Data for the task:
----
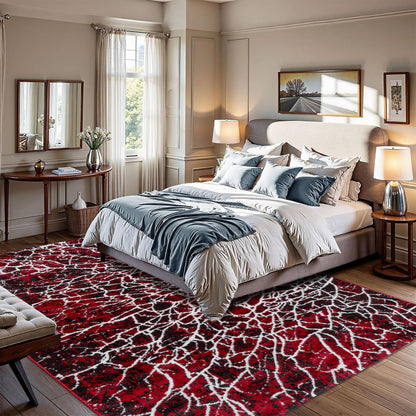 Dark Red Lava Medium-Pile Area Rug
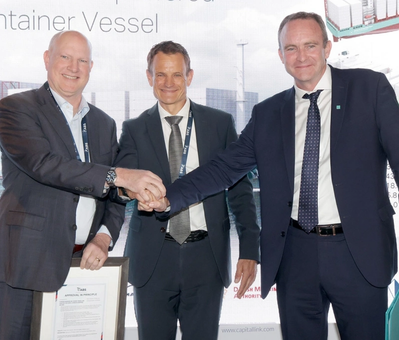 Left to right: John McDonald, ABS President and COO; Claus W. Graugaard, Chief Technology Officer, Onboard Vessel Solutions at the Mærsk Mc-Kinney Møller Center for Zero Carbon Shipping; Andy McKeran, Chief Commercial Officer of Lloyd’s Register. (Photo: LR)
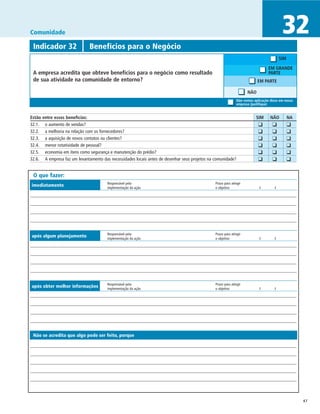 Comunidade                                                                                                                                  32
 Indicador 32	                 Benefícios para o Negócio
                                                                                                                                           SIM

                                                                                                                                    EM GRANDE
 A empresa acredita que obteve benefícios para o negócio como resultado                                                             PARTE
 de sua atividade na comunidade de entorno?                                                                                  EM PARTE

                                                                                                                      NÃO
                                                                                                                Não vemos aplicação disso em nossa
                                                                                                                empresa (justifique)


Estão entre esses benefícios:	                                                                                               SIM	   NÃO	         NA
32.1. 	 o aumento de vendas?                                                                                             	   ❑	      ❑	          ❑
32.2. 	 a melhoria na relação com os fornecedores?                                                                       	   ❑	      ❑	          ❑
32.3. 	 a aquisição de novos contatos ou clientes?                                                                       	   ❑	      ❑	          ❑
32.4. 	 menor rotatividade de pessoal?                                                                                   	   ❑	      ❑	          ❑
32.5. 	 economia em itens como segurança e manutenção do prédio?                                                         	   ❑	      ❑	          ❑
32.6. 	 A empresa faz um levantamento das necessidades locais antes de desenhar seus projetos na comunidade?             	   ❑	      ❑	          ❑

 O que fazer:
                                        Responsável pela	                                        Prazo para atingir
imediatamente                           implementação da ação	                                   o objetivo	                  /	       /




                                        Responsável pela	                                        Prazo para atingir
após algum planejamento                 implementação da ação	                                   o objetivo	                  /	       /




                                        Responsável pela	                                        Prazo para atingir
após obter melhor informações           implementação da ação	                                   o objetivo	                  /	       /




 Não se acredita que algo pode ser feito, porque




                                                                                                                                                      47
 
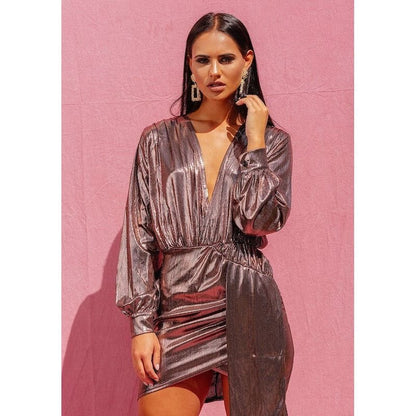 KALI Rose Gold Metallic  Mini Party Occasion  Dress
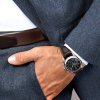 Montre Longines Spirit Chronographe 42 mm cadran noir bracelet cuir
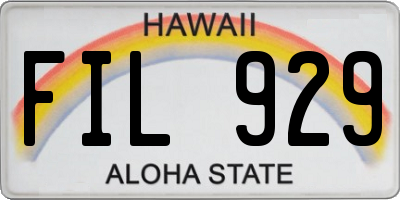 HI license plate FIL929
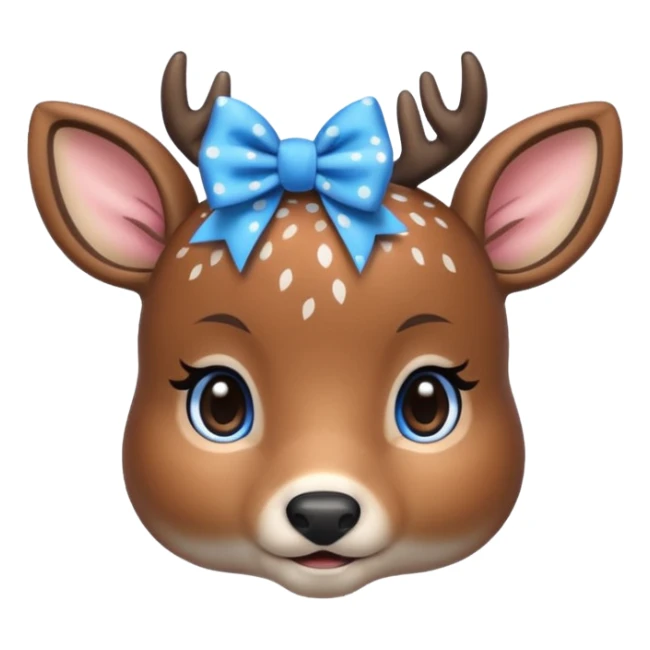 Deer with a blue bow sticker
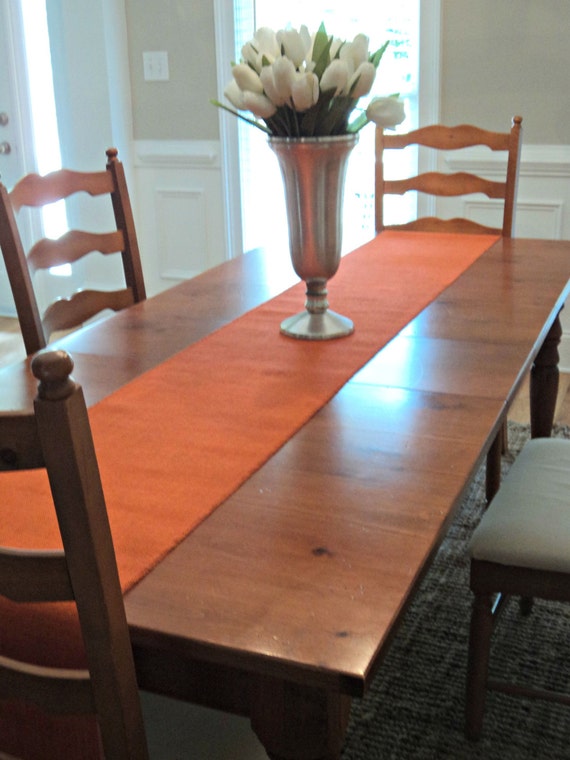 Orange Table Runner Fall Table Runner Orange Burlap Runner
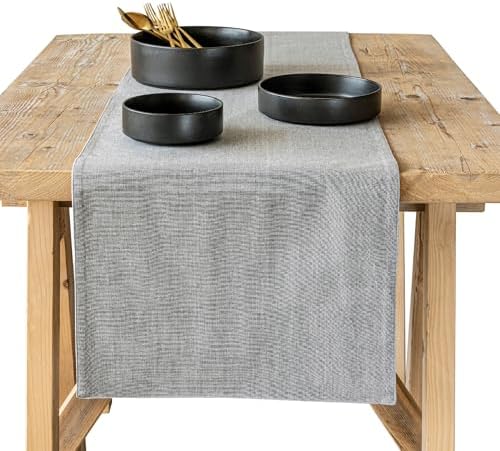Over&Back 18x108 Woven Chambray Cotton Table Runner - Washable Table Runners for a Custom Home Decor Tablescape - Coffee Table, Dinner Table, Living Room - Grey by overback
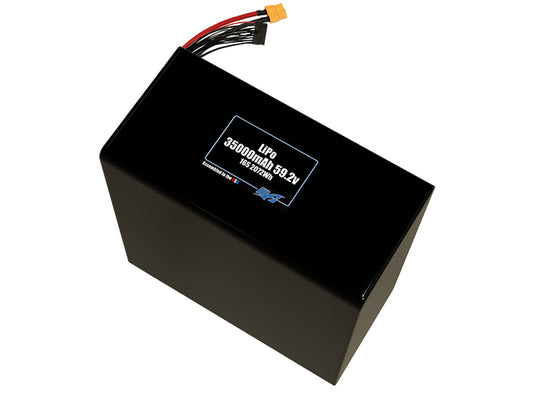 Compact 59.2-volt 35000mAh lithium-polymer battery, built for lightweight drone, UAV, and robotics projects.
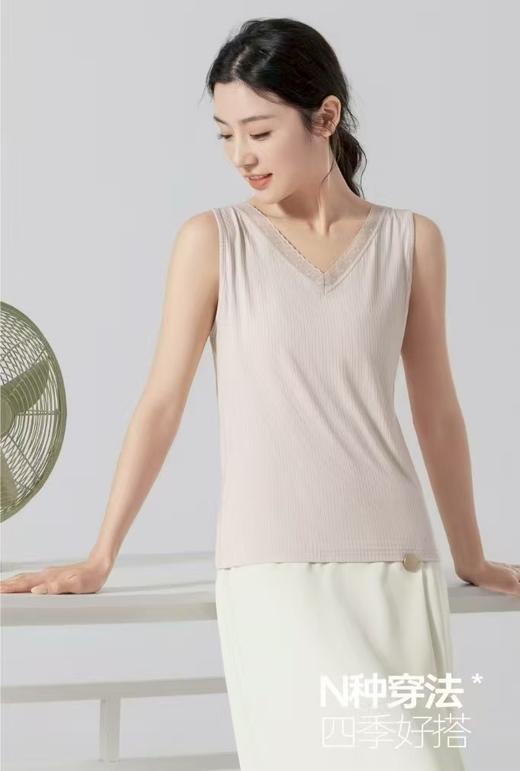 LS竹纤维女士时尚蕾丝大版背心2822 商品图0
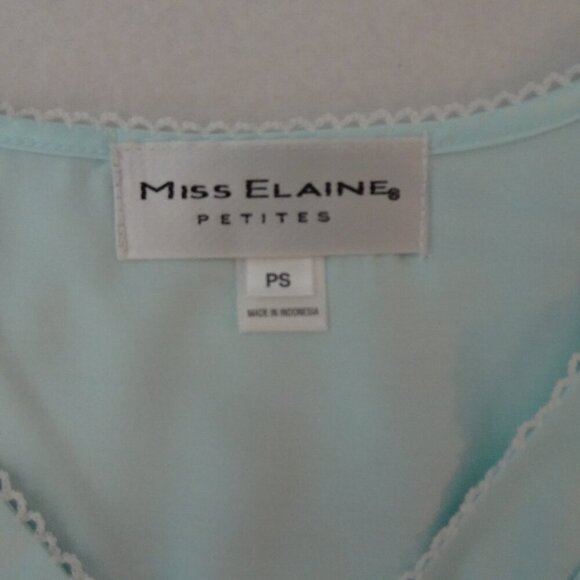 Miss Elaine Embroidered Nightgown Petite Size PS Blue Long Grandmacore - Picture 6 of 10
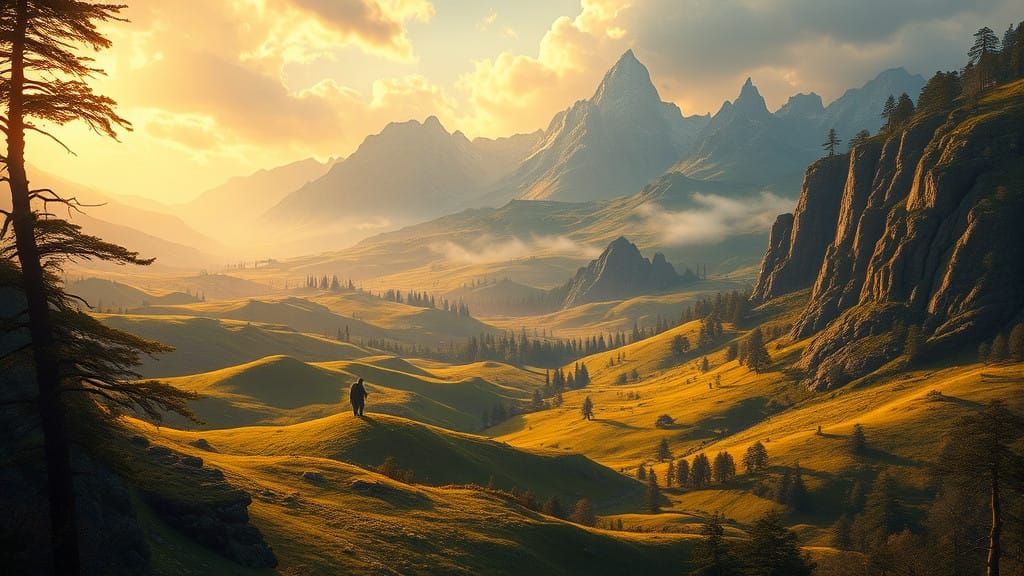 Middle-earth Realm of Wonder in Golden Light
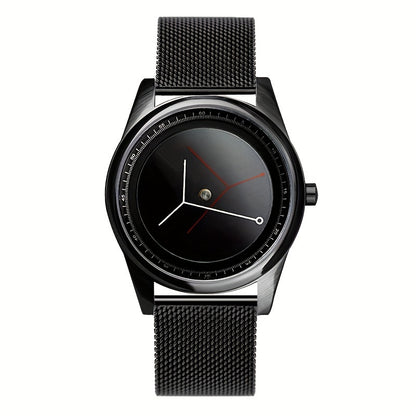 Unisex Creative Design Quartz Watch - Stainless Steel Strap Fashion Forward Wristwatch for Men & Women, Unique Analog Watch Best Gift Idea
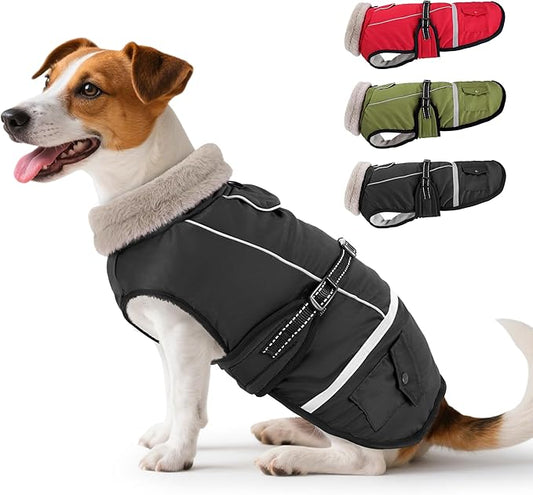 Dog Coat, Dog Winter Coat Jacket Waterproof for Large Dogs, Pet Vest Warm Fleece Cozy for Cold Weather, with Harness Built in Reflective, Dogs Snowsuit Windproof, Adjustable Buckle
----
Your goal: Copy the entries above exactly, but only the stretch from the line containing "após algum planejamento" through the line containing "Orange Table Runner". Keep both end lines; drop the pictures.

Response for this exercise:
após algum planejamento                 implementação da ação	                                   o objetivo	                  /	       /




                                        Responsável pela	                                        Prazo para atingir
após obter melhor informações           implementação da ação	                                   o objetivo	                  /	       /




 Não se acredita que algo pode ser feito, porque




                                                                                                                                                      47
 
 KALI Rose Gold Metallic  Mini Party Occasion  Dress
 Montre Longines Spirit Chronographe 42 mm cadran noir bracelet cuir
 HI license plate FIL929
 Deer with a blue bow sticker
 Orange Table Runner Fall Table Runner Orange Burlap Runner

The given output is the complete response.